Its onset, he declares, was like an ecstatic epiphany. Sylvia is his one-and-only - in that category at any rate. To say that she poses competition would be a contradiction in terms. Perhaps not surprisingly, Stevie (the likeable Kate Fahy) responds by systematically smashing one objet d'art after another in their lovely home.
The cross-species affair in The Goat is less part of a campaign for the relaxation of this particular taboo than a way of illustrating the terrifying irrationality of love in its onset and subsequent uncontrollability. Albee, the clever technician, is also playing artful games with the audience's tolerance.
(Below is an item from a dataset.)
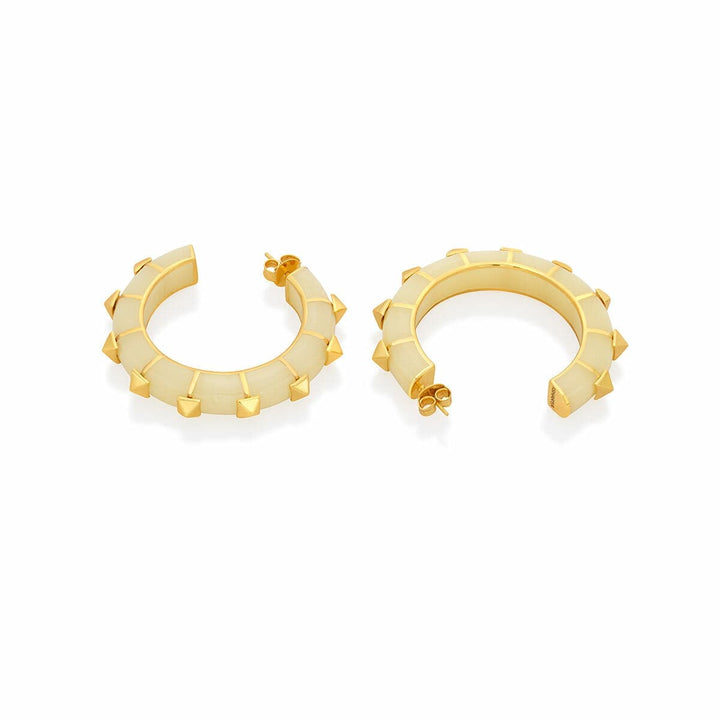 Walker White Resin Hoop Earrings - Isharya | Modern Indian Jewelry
The snag, though, is that audiences differ quite markedly. I first saw the play on Broadway with the fur-dangling, blue-rinse crowd on a Sunday matinee who had clearly come to be deliciously scandalised and left in audible (and very interesting) confabs about love and legislation. At the Almeida, where the public is achingly liberal, Anthony Page's sleek British premiere is beautifully gauged, but is elegantly hurling itself against a more-or-less open door.
Instead of softening folk up with Noel Coward pastiche and a default mode set at drawing room sitcom, you want the play, in these surroundings to get to the meat of the matter more quickly.
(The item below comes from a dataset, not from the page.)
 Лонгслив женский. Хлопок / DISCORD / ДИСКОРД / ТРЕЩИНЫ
A grizzled, wiry Jonathan Pryce as Martin has brilliant surges of tragic abandonment. On the other hand, you wonder what the wife and Sylvia see in this dried-up, nit-picking verbal pedant. A happier scenario would have the two females cutting out the middle-man in a finessing (farmyard) Sapphic wallow.
Eddie Redmayne as the 17-year-old gay son is the most electrically alive person on stage. Poignantly lanky and dragged into a crisis before enough skins have formed on him, this astonishing young actor shows you a teenager whose needy and pretty sexual desire for Poppa has not been properly worked through before Poppa goes ape with Sylvia - a creature who by the end, I'm afraid, has firmly put the 'goat' back into scapegoat.